Lord Wakeham: My Lords, I beg to move the Motion standing in my name on the Order Paper.

Moved, That this House takes note of the report of the Economic Affairs Committee on the Finance Bill 2006 (6th Report, HL Paper 204).—(Lord Wakeham.)

On Question, Motion agreed to.

Constitutional Reform (Prerogative Powers and Civil Service etc.) Bill [HL]

8.27 pm

Report received.

Clause 18 [Power to impose new nationality requirements]:

Lord Lester of Herne Hill moved Amendment No. 1:

The noble Lord said: My Lords, I shall also speak briefly to Amendments Nos. 2 to 4, as they all run together. These are technical and tidying-up amendments following criticisms made in Committee, especially by the Minister, of the Bill as it then stood.

Briefly, the amendments do three things. First, they replace the phrase “officer of the Crown” with “person or body”. That reflects the range of officials responsible for the day-to-day running of their organisations to whom Ministers may delegate power. Secondly, the amendments include a reference to the Race Relations (Northern Ireland) Order 1997, which corresponds to Section 75(5)(b) of the Race Relations Act 1976. This omission was kindly pointed out in Committee by the noble Lord, Lord Bassam of Brighton. Thirdly, they leave the power to create new rules imposing nationality requirements with the Minister or any other person or body to whom that power has been delegated—again, to meet the criticisms made on behalf of the Government by the Minister.
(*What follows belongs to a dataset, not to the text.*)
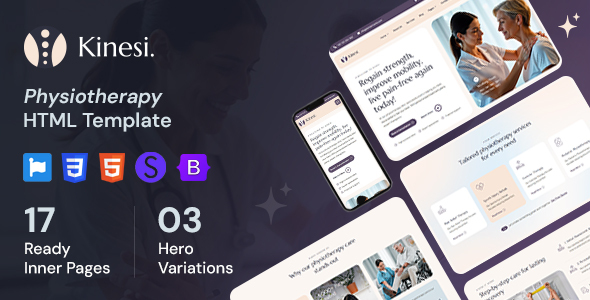 Kinesi – Physiotherapy HTML Template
We acknowledge the request of the Delegated Powers and Regulatory Reform Committee for an explanation of why the Bill does not provide for new rules to be in the form of a statutory instrument. We are satisfied that the Government provided an explanation in Committee—namely, that that would not allow sufficient flexibility to impose or relax the reservation of posts in order to meet emergency situations. That approach is consistent with the Public Administration Select Committee’s draft Civil Service Bill in the other place in its first report of Session 2003-04. In short, we hope that these amendments meet the criticisms of a technical nature that have been made. I beg to move.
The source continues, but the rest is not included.